Instability - or an acquired, excessive joint range of motion - is even more problematic. This is where folks will literally "blow out" their normal anatomy to acquire a desired range of motion. An example is the anterior shoulder capsule in throwers; they'll do whatever they can to get the arm back to help generate range-of-motion to support velocity production. Eventually, the shoulder can get so loose that the active restraints (rotator cuff and biceps tendon) can't effectively hold the ball on the socket, and pain occurs with throwing.

layback

In consideration of both laxity and instability, just because you can get to a position does not mean that you're sufficiently stable in that position.

5. Building and maintaining mobility is like managing a bank account.

It goes without saying that it's easier to maintain mobility than it is to lose it and get it back.
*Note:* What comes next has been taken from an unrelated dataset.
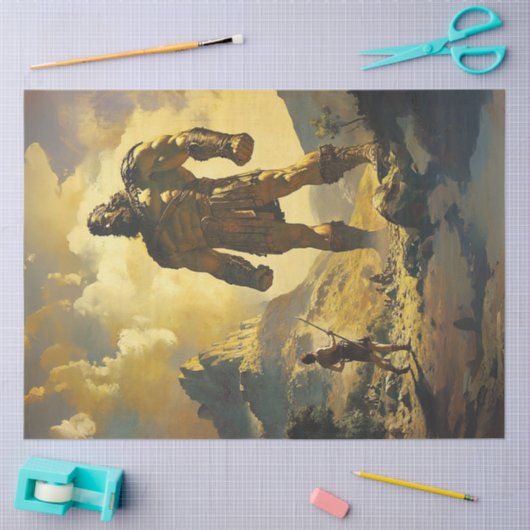 Decoupage Giant Goliath & David Tissuepapier (Craft)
Everyone uses the analogy of babies and young children having freaky range of motion and perfect squat patterns, but losing them as time progresses. The assumption is that this occurs because they "make enough deposits:" targeted mobility work and a wide variety of activities throughout their days. Certainly, this is an issue, but I'd argue that it's because of excessive withdrawals, too.

Withdrawals could be sports participation where eccentric stress or direct trauma to tissue beats them down. It could be lifestyle factors like alcohol or tobacco use that negatively impact tissue quality. It could be pushing through faulty movement patterns until bone spurs result. What we take out is just as important as what we put in.

We all start with some money in the bank as children, but it's up to us to have more deposits than withdrawals in this mobility account over the course of the lifespan.

These are really just a few of many observations I've made over the years; there are countless more that could turn this article into an entire novel! With that said, if you're looking for an outstanding, up-to-date mobility resource at a great price, I'd recommend you check out Ruthless Mobility. Dean Somerset has put it on sale this week at an excellent introductory discount, and it also provides continuing education credits for the fitness professionals out there. Check it out HERE.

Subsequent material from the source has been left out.